TL;DR: Please help me fuck (with) AI. See bold sections
Hi,
I haven't been keeping up with anti-AI combat so I'm asking for help. I inherited thousands of pages of materials my late grandpa made or used for his grammar school teaching job in the 1990s-2000s. They are A4 pages of documents made using what seems to be a typewriter, Text602 (DOS rich text editor) and Word. They were most likely not all made by him but he treasured them in nice binding and they have sources (mostly books and journals, almost no webpages, and absolutely no AI) and a cursory look shows meticulous compilation of every important fact on each subject (frankly, the level of detail is excruciating and I'm glad I went to a different grammar school). There's obviously no original scientific research but the materials can still be useful to someone, I bet. They were almost thrown away by the widowed grandma (she already removed and disposed of the plastic bindings and front covers so I'll have to guess document titles) but I think grandpa would prefer them to be shared.
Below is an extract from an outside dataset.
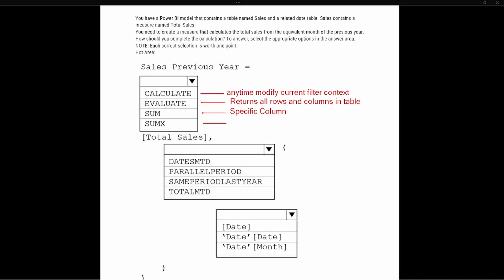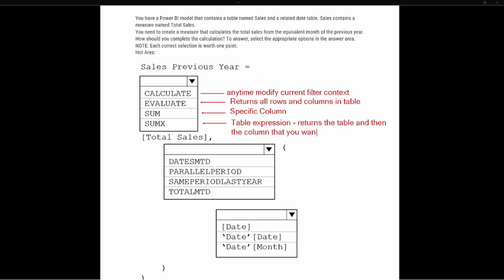With SUMX, its parameters are that we create a summation based off of a table — this is a table expression. Essentially what it does is return the table that you specify and then the column that you want to summarize. Understanding these DAX functions is key to this question.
With an ADF scanner and OCR software (I have no chance of accessing the work computers he used so I'll have to scan), I can quickly make searchable PDFs of each document, and share them via torrent and DDL sites (there are Czech sites dedicated to sharing teaching materials but they have paywalls or an upload-credit system so best avoid them, not to mention some materials contain newspaper clippings and textbook photocopies for images so best stay anonymous and not try to assert copyright).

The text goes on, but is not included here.